(承前)
以前ブログに書きましたし、ホームページのエッセイにもまとめたことがありますが、今から9年前、大学の先輩でアルバイト先の同僚だった女性が殺害されるという事件が起きました。いまだに犯人は捕まっていないのですが、どうやって調べたのか、この僕に取材の申し入れが来たのでした。


メールは受け取ったものの、果たしてどう対応すべきなのか、僕は困ってしまいました。凡そマスメディアなるものは、事実の断片を都合よく繋ぎ合わせた憶測を垂れ流すものだと思っていましたから、そんな連中の片棒を、言われるがまま担ぐのは御免だと思っていました。
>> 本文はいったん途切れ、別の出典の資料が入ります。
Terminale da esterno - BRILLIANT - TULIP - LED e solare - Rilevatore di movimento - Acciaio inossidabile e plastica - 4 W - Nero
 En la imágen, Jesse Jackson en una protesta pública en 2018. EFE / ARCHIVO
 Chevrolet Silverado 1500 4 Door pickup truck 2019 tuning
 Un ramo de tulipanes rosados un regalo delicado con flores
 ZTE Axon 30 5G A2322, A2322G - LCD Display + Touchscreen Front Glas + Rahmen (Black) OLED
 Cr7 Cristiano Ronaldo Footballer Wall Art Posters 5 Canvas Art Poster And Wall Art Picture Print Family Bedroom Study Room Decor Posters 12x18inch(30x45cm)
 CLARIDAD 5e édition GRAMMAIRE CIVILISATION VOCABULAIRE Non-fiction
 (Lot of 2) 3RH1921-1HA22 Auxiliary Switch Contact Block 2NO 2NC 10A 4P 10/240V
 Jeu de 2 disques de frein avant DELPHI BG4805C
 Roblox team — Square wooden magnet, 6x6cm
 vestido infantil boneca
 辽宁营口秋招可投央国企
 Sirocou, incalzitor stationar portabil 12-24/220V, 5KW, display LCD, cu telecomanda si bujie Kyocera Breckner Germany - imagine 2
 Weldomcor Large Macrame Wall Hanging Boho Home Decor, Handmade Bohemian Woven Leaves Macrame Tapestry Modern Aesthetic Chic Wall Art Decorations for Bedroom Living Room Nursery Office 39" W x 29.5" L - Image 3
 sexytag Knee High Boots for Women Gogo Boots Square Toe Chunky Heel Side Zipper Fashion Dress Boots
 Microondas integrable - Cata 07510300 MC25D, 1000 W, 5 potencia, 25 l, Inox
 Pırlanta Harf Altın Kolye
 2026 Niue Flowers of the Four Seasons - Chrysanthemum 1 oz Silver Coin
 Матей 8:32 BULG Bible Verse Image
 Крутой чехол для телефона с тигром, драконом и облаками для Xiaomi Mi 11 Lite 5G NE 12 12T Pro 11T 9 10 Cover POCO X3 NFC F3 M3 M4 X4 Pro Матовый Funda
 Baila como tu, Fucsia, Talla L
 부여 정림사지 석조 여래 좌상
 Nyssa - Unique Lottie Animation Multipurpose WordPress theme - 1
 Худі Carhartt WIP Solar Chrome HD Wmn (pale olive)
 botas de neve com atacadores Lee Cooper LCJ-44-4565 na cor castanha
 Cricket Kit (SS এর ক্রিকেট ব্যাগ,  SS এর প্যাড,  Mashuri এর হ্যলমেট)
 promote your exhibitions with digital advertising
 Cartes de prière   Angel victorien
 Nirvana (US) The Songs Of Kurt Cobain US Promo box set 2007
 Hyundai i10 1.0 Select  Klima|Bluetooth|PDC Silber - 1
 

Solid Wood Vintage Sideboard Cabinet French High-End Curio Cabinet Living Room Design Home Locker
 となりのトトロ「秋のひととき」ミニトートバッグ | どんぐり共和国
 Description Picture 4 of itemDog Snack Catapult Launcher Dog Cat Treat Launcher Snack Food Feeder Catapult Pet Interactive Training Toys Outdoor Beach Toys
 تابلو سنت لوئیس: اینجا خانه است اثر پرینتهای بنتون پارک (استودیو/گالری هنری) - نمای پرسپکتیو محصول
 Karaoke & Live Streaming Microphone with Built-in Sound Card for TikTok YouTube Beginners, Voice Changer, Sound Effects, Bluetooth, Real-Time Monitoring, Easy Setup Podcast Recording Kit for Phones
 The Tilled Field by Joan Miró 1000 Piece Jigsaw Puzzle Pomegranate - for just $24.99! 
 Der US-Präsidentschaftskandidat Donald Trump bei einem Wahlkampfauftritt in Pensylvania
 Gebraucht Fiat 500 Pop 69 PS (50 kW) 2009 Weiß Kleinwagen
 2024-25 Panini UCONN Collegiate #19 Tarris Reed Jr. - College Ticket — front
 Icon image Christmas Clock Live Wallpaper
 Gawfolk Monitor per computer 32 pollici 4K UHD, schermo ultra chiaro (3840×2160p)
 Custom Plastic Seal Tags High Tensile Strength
しかし、その一方で、この事件が風化して迷宮入りしてしまうのは嫌だとも思っていました。僕がこの取材に応えることで、事件解決の一助になるのかどうか、相手が取材したい点とは何なのかを見極めなければならないと思いました。
そんなことを考えているうちに、数日が過ぎてしまっていました。そもそも、僕はEメールを書くのが極めて遅いのです。文書として残るものについて、いい加減なことを書き殴りたくはないし、言葉を慎重に選ばなければ、相手に要らぬ誤解を与えかねないからです。そして、記者氏からは催促のメールが届くのでした。

Subject: 改めまして
Date: Sat, 13 Nov 2004 21:34:34 +0900
From: Yoshikawa Toru < yoshikawat2@tv-asahi.co.jp >
To: Nobutaka Mizuno

水野様

テレビ朝日 吉川です。先日メールを送らせていただいたものです。
改めまして、取材のお願いなのですが、、、

少ない人脈の中から上智大学生のつてを手繰り、
ようやく8年前に亡くなった小林さんのアルバイト先で
一緒だった水野様に行き着きました。

サークル関連の同級生やご家族には話が聞けているのですが、
アルバイト先での彼女の様子が知りたく、
お話をお伺いする機会をいただけないかというお願いのメールです。

時間などは水野様のご都合に合わせ、無理のないようにしますので、
なんとかご協力お願いできませんでしょうか?

テレビ朝日 編成制作局 制作1部
「奇跡の扉 TVのチカラ」吉川 徹

あれこれ考えた挙句、僕は返事を書くことにしました。

Subject: 取材の件
Date: Sun, 21 Nov 2004 05:24:55 +0900
From: Nobutaka Mizuno
To: Yoshikawa Toru < yoshikawat2@tv-asahi.co.jp >

吉川様

長らくご返答申し上げず失礼致しました。
貴信のご趣旨理解致しました。

報道関係の取材というのを私は受けたことがありませんので
どのようなものなのか見当がつきませんし
取材を受けるとして何をお話しすればよいのか
正直なところよく分かっていません。
具体的な内容についてご教示いただけますでしょうか。

アルバイト勤務中の話を知りたいと仰るのであれば、
私に聞くよりも当時中国放送東京支社に働いておられた方々に
伺ったほうが適切という気もします。

個人的には捜査と報道は別物と理解していますし
これまでに、知る限りのことは全て警察の方にお話しして参りました。
何か質問をされて、それが私一人の責任では済まないこと
(e.g. 故人や故人の周囲の人々のプライバシーに関わりかねない事柄)
であったとしたら、それを軽々しく述べて良いものか
そしてその内容が一体どのように扱われるのかという疑問もあります。
また、現在私は勤務先で全国にお客様を抱えております。
言うまでもなく私は容疑者ではありませんので
後ろめたいことは何もありませんが
殺人事件に関わる報道において私の名前、顔、声などが出るような
ことがあれば、今後の営業に差し障りが出ないとも限りません。
これら点については如何お考えでしょうか?

好き勝手に申し上げて参りましたが、
具体的な取材の内容、並びにその内容がどのように扱われるのか
という点について明確にしていただきたくお願い申し上げます。

以上/水野

実際、僕には札幌から福岡にまで顧客がいますし、テレビに出られて嬉しいでしょうなどとはしゃいでいられる話題でもありません。そして何より大事なのは、僕が何かを話したとして、それが自分の意図しないことに利用されたり、発言がトリムされたり、関係のない第三者に影響を及ぼしたりすることだと思っていました。故人のためにも、事件解決の一助となるのであれば取材は受けるべきなのでしょうが、ただ昔の知り合いと言う存在を、言わば演出上の映像素材として欲しいというのであれば、断乎跳ね除けるべきだろうと思っていました。ともかくも、相手の取材意図を見極める必要がありました。